Перечисляя основные силы Малого театра, так сказать китов, на которых он держался, Южин упомянул, конечно, о славной М.Н. Ермоловой и... и только, потому что остальных уже не было. Он забыл, впрочем, по свойственной ему скромности -- А.И. Южина.
Отмечая культурную продуктивность современного Малого театра, Южин сообщил мне, что ежегодно там ставят пять или шесть новых
пьес, из которых две или три классического репертуара, -- русского или иностранного. Примерно в сезоне 24 и 25 г.г. -- "Отелло", "Заговор Фиеско в Генуе", Тургеневский спектакль ("Нахлебник", "Завтрак у предводителя"), "Волчьи души" Джека Лондона и др.
-- Помимо этого, -- объяснил мне Южин -- у меня есть постоянный репертуар театра, -- двадцать почти пьес. Список их висит на стене. Их можно ставить когда угодно без репетиций.
Я поинтересовался узнать у А.И., имеется ли в его распоряжении молодежь, подающая надежды, которой придется придти на смену уходящим.

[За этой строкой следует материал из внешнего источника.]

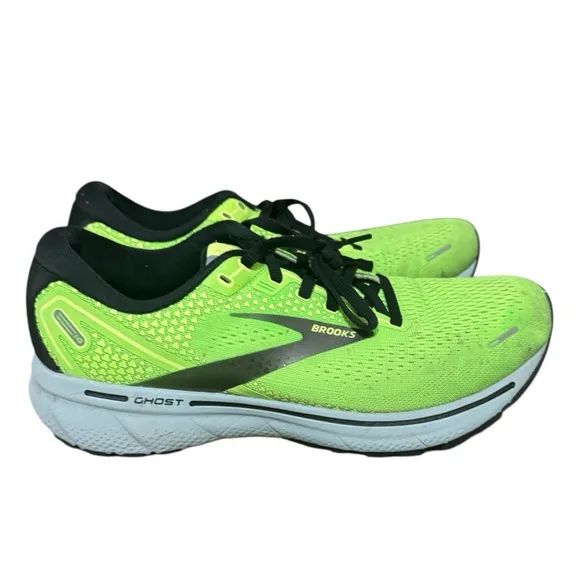 Brooks Ghost Men's Green Running Shoes size 9. Athletic workout athlete sports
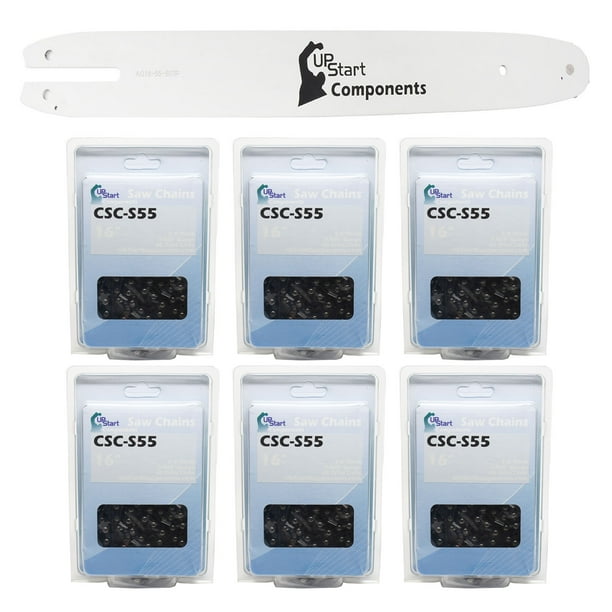 16Inch Chainsaw Bar and 6 Chains Combo Replacement for STIHL 021 (16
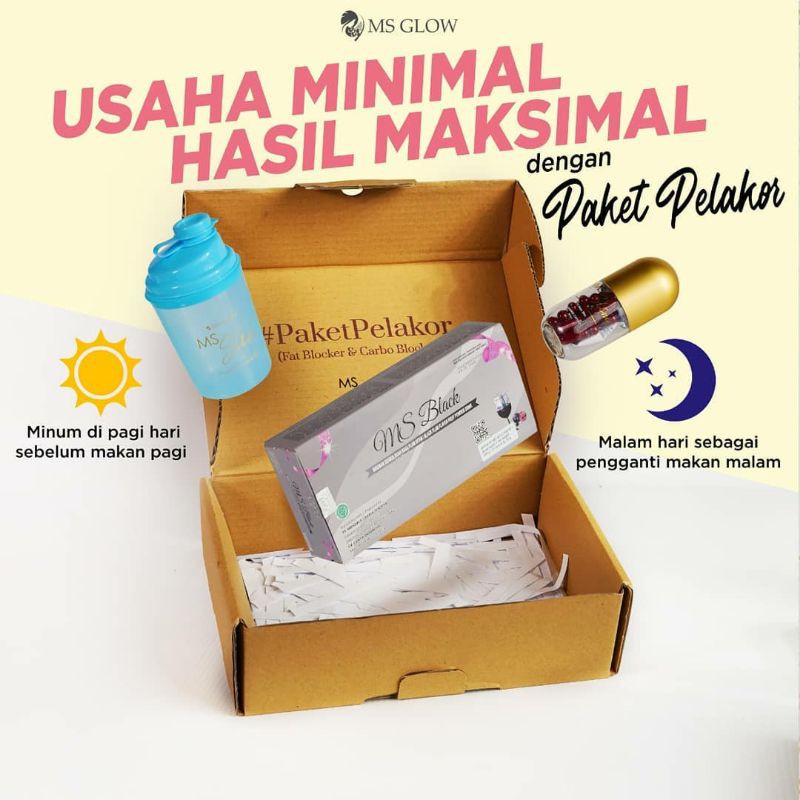 SLIMMING CAPSUL+MS BLACK MSGLOW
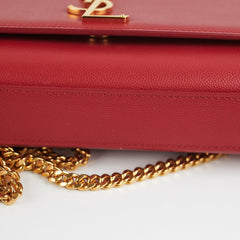 Saint Laurent Red Medium Kate Bag
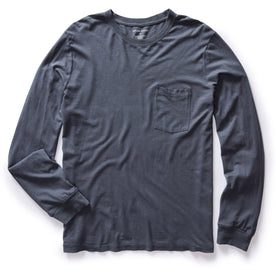 The Cotton Hemp Long Sleeve Tee in Navy - featured image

-- Могу назвать Гоголеву, Белевцеву, Полякову, Кашперову. Они успели уже выдвинуться и оправдать возложенные на них надежды.
Южин указал мне еще на своих сотрудников режиссеров -- И.С. Платона и других. С сожалением А.И. говорил о том, что театр оставил, хотя бы временно, такой исключительный режиссер, как А.А. Санин.
По мнению А.И. Южина, все роды искусства имеют право на существование, но государство, режиссеры и актеры обязаны беречь и охранять именно театр мысли, речи, образов.
В тот день, когда мы беседовали с А.И. на Ривьере, в Ницце была назначена к представлению опера "Воскресенье" (по Толстому). Южин припомнил свою встречу в Москве со Львом Николаевичем Толстым и разговор по поводу только что поставленной тогда в Париже драмы "Воскресенье".
-- Я не могу признать переделок, -- сказал Лев Николаевич. Если бы я видел "Воскресенье" в драматической форме, я бы написал пьесу, а не предпочел бы форму романа.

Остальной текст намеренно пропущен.